Fiche pédagogique réalisée par Antony Soron, maître de conférences HDR, agrégé de lettres modernes, formateur Lettres à l’Inspe Sorbonne Université. Avant d’entrer dans le détail de la séquence, Antony Soron nous décrit les principaux intérêts de l’œuvre.

Littéraire et didactique

Une autrice de jeunesse intense et prolifique

Marie-Aude Murail ne serait-elle pas à elle seule « la littérature de jeunesse » ? Elle, qui, née en 1954, s’est aventurée sur tous les sujets avec toujours le même souci d’authenticité et la même puissance narrative. L’autrice de Oh, Boy !, oeuvre traitant de l’homosexualité, internationalement reconnue, ne conçoit pas son champ d’action comme un espace littéraire protégé. Pour elle, les jeunes lecteurs sont capables de tout entendre à condition que le récit soit juste et non habité par une noirceur « à désespérer Billancourt » (Sartre).
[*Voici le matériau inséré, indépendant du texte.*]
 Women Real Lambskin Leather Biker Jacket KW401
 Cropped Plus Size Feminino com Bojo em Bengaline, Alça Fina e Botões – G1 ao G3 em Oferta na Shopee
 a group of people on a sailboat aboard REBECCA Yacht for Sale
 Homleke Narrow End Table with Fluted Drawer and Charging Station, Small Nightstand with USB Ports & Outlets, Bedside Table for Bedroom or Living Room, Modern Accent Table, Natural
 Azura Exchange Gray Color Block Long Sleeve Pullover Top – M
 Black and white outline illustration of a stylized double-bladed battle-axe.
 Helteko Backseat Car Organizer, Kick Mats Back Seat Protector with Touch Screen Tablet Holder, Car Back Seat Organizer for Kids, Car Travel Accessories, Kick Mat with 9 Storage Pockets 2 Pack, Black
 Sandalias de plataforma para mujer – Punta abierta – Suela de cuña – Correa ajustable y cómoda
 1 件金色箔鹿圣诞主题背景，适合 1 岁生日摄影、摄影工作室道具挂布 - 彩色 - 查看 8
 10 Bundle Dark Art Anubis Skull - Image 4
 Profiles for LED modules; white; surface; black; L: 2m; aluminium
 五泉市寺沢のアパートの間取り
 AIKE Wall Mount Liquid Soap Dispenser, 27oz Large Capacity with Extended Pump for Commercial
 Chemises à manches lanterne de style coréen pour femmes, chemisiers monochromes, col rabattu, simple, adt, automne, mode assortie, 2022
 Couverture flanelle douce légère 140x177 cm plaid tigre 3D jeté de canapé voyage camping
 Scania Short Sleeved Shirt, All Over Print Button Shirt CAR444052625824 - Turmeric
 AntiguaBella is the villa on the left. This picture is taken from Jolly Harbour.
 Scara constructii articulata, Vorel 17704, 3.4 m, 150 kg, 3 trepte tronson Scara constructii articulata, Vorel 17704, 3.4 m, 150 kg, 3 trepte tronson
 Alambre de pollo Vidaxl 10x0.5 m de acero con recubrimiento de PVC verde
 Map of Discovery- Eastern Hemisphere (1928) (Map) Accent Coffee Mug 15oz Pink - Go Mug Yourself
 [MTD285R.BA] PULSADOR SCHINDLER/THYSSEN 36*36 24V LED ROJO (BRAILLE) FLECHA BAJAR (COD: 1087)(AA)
Très férue dès son plus jeune âge des aventures de Tintin et des romans de Dickens, Marie-Aude Murail conserve une imagination insatiable et un esprit aventureux. En tant qu’écrivaine pour la jeunesse, sans doute a-t-elle compris l’essentiel. Le jeune lecteur est exigeant et très logique ! Et ce de ce fait, il souhaite que les écrivain-e-s le prennent au sérieux. Mais ce n’est pas tout — et ici l’influence de Dickens joue un rôle décisif dans l’imaginaire de l’autrice de 2000 ans pour s’aimer. Un bon récit doit emporter son lecteur et quelque part créer un évènement dans sa vie. D’où le goût de l’autrice pour les récits à énigmes, à suspens, que l’on retrouve par exemple dans la série des Nils Hazard.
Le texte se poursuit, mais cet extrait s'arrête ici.